(Record extracts Opens)

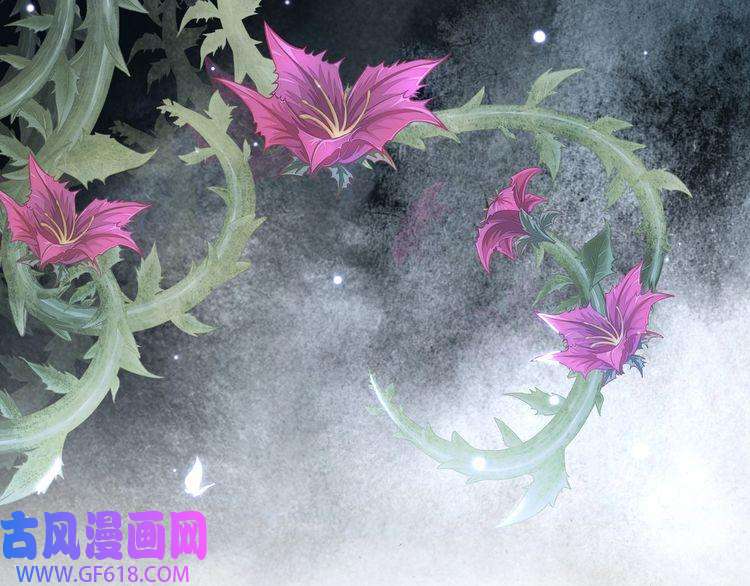 孤王寡女第52话 迷宫遇险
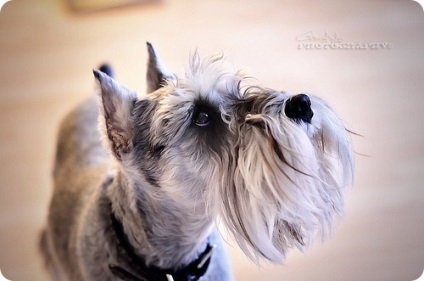 Schnauzer miniatural, poze cu Schnauzeri miniaturali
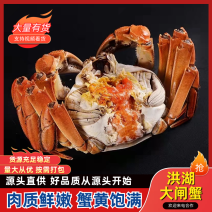 【实力】大闸蟹螃蟹河蟹一件代发顺丰包邮产地直供质量保证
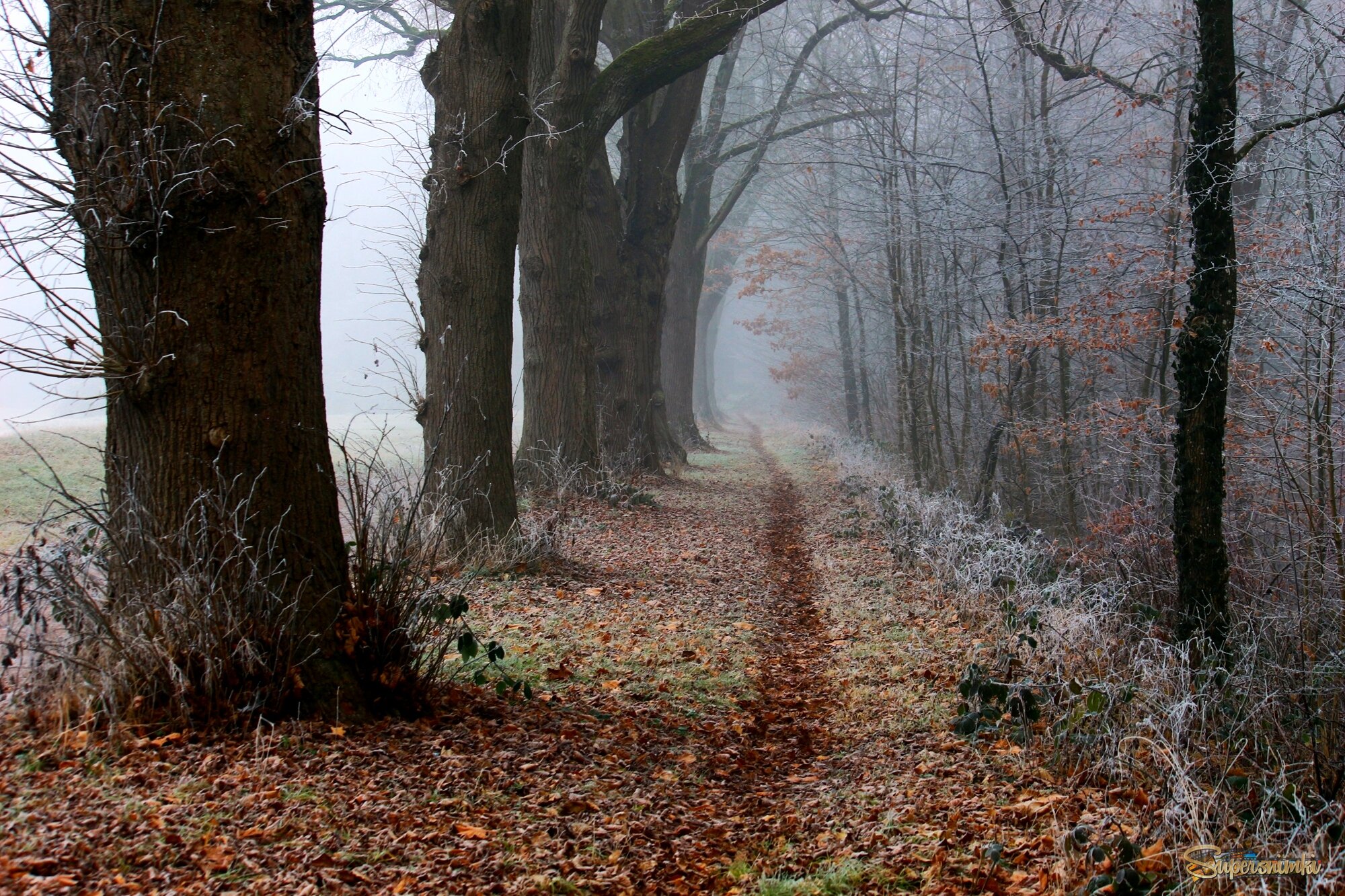Холодное утро
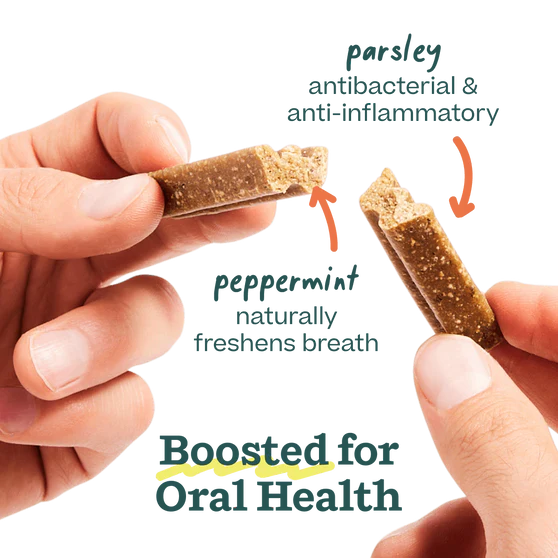 Bite n' Brush Refills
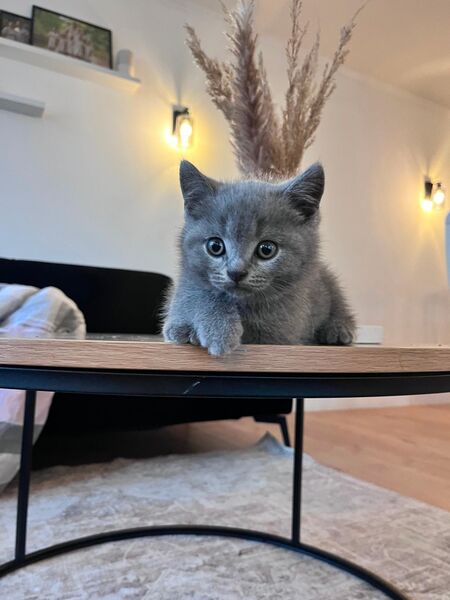 BKH Britsch Kurzhaar Kitten - Ruppichteroth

(Record extracts Closes)

> [Assignment] Nothing but the lines from the one with "Schnauzer miniatural, poze" through the last line of the material above should appear in the answer, each copied exactly, with no pictures.

> [Answer box]
 Schnauzer miniatural, poze cu Schnauzeri miniaturali
 【实力】大闸蟹螃蟹河蟹一件代发顺丰包邮产地直供质量保证
Холодное утро
 Bite n' Brush Refills
 BKH Britsch Kurzhaar Kitten - Ruppichteroth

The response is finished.